**Goal of the exercise:** Lines from the opening of the material through the line containing "Close up. The" must be duplicated word for word. Pictures are not.

**Available data:**
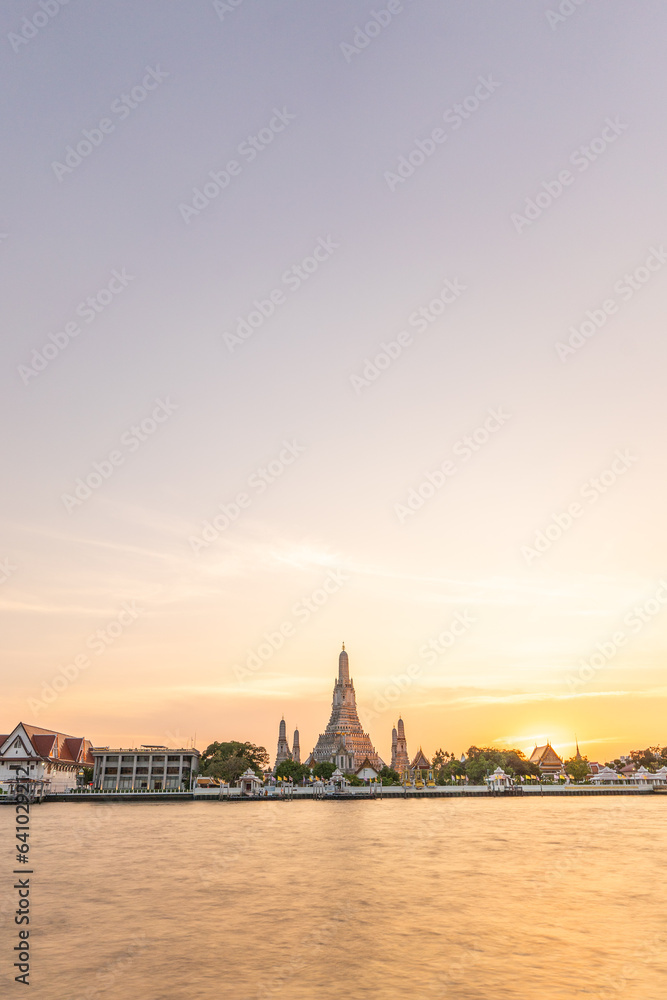 Wat Arun Temple during Sunset at Chao Praya River Bangkok, Thailand.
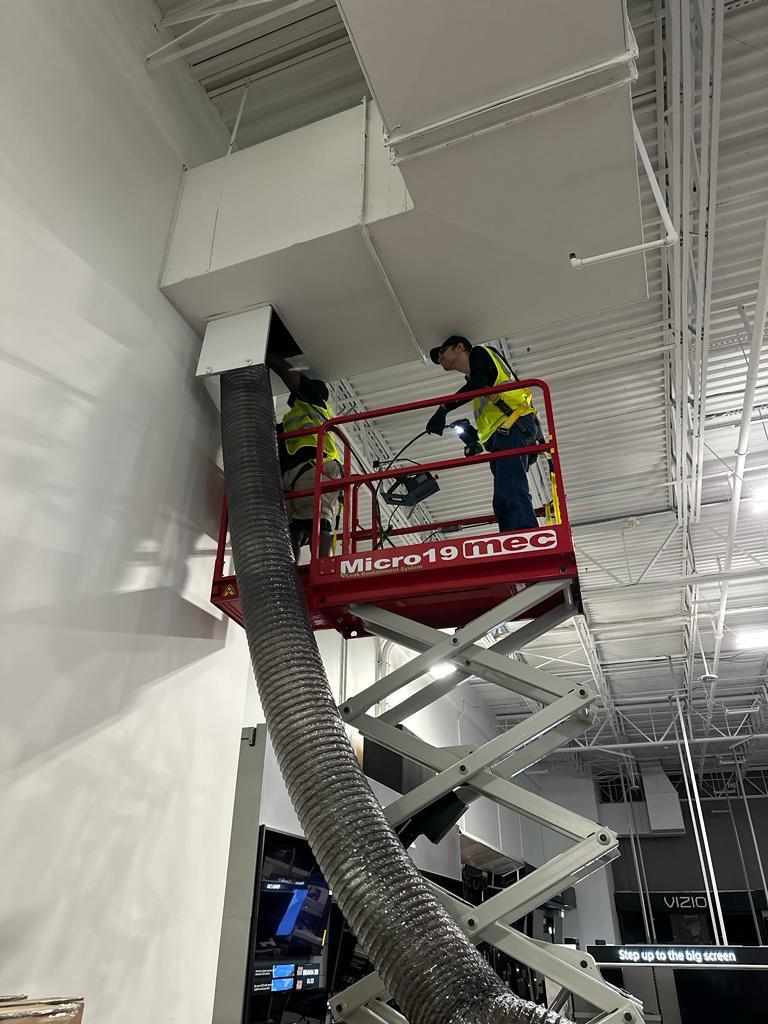 Electronics showroom — high-bay duct access with Micro19 lift
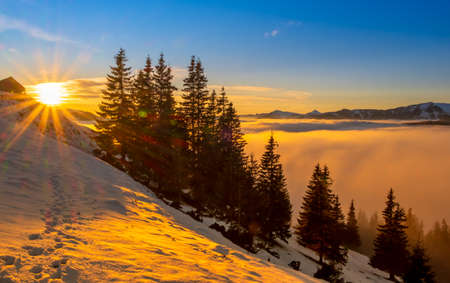 Beautiful sunset over sea of clouds. Winter landscapeの写真素材
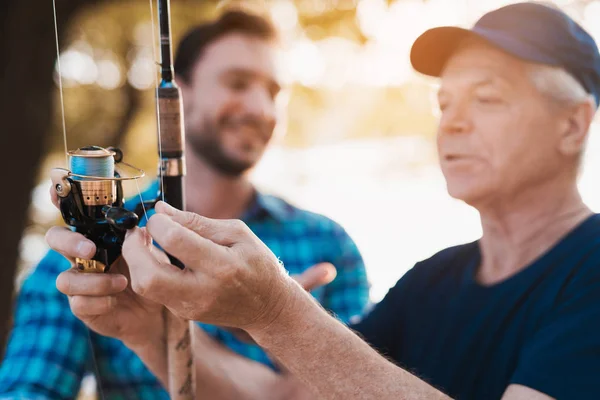 Close up. The old man inspects the fishing spinning spool. A man looks at the old man — Stock Photo, Image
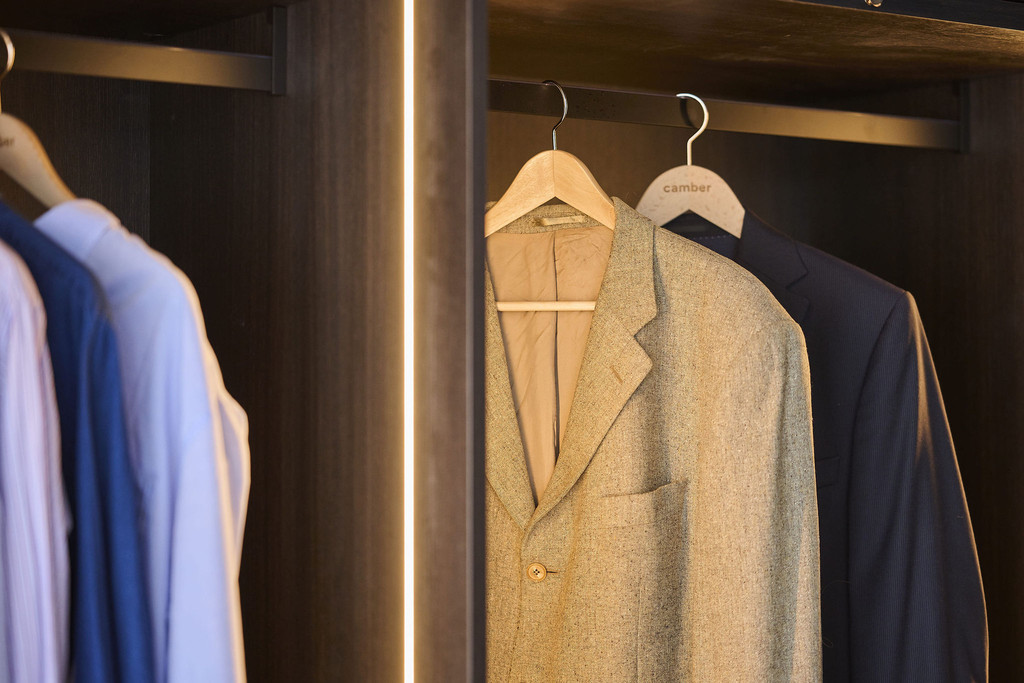 Penderie dans un dressing sur mesure avec vêtements et éclairage LED vertical en bois foncé en showroom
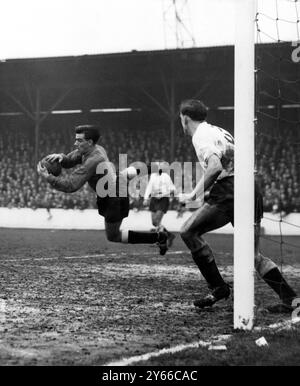 West Ham Utd contro il brillante portiere del Fulham Fulham, Macedo scaglia in aria e afferra la palla in mani sicure mentre salva da un attacco del West Ham nel pareggio di fa Cup a Upton Park. Langley, la schiena sinistra di Fulham, copre la linea della porta. Fulham ha vinto il 3-1 15 febbraio 1958 Foto Stock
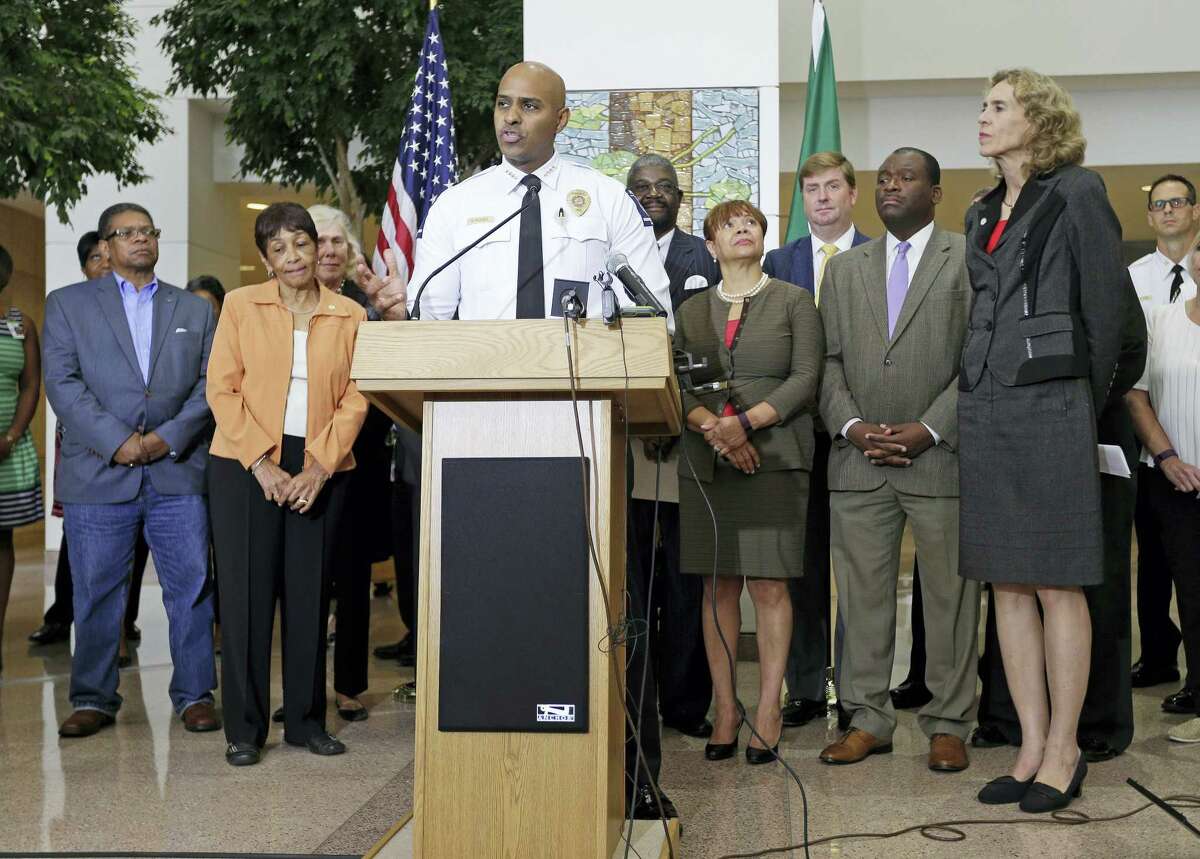 Charlotte-Mecklenburg Police Chief Kerr Putney speaks as city officials, including Charlotte mayor Jennifer Roberts, right, listen during a news conference after a second night of violence following Tuesday’s fatal police shooting of Keith Lamont Scott in Charlotte, N.C. Thursday, Sept. 22, 2016.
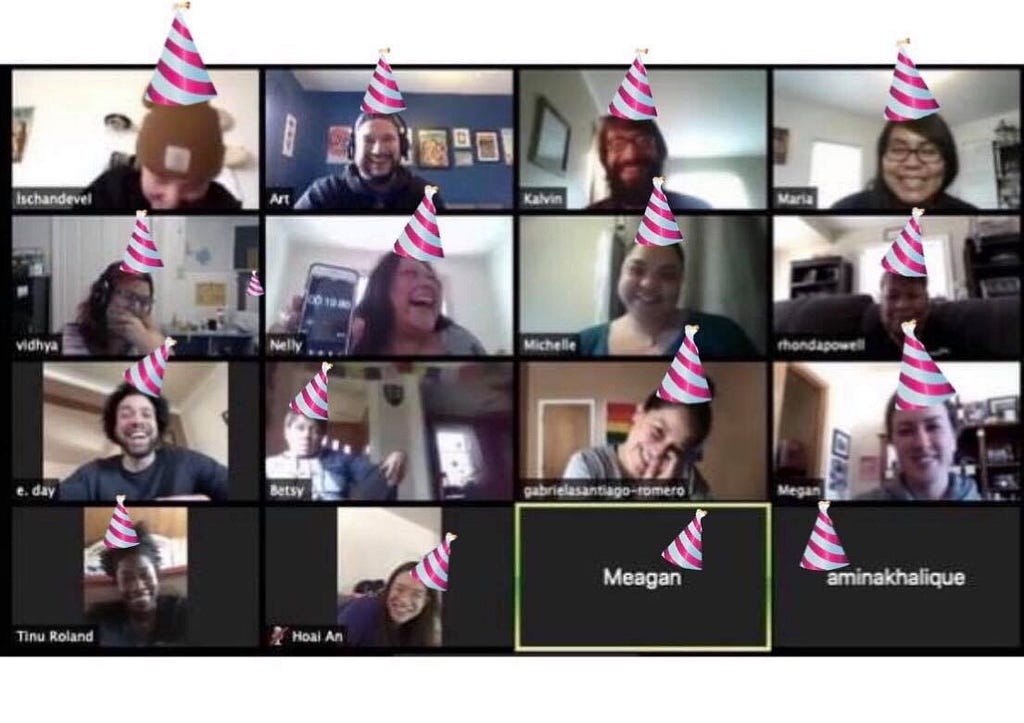 Screenshot of zoom call with people laughing and smiling, with photoshopped pink stripped birthday hats on everyone’s heads.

**Answer to this problem:**
 Wat Arun Temple during Sunset at Chao Praya River Bangkok, Thailand.
 Electronics showroom — high-bay duct access with Micro19 lift
 Beautiful sunset over sea of clouds. Winter landscapeの写真素材
 Close up. The old man inspects the fishing spinning spool. A man looks at the old man — Stock Photo, Image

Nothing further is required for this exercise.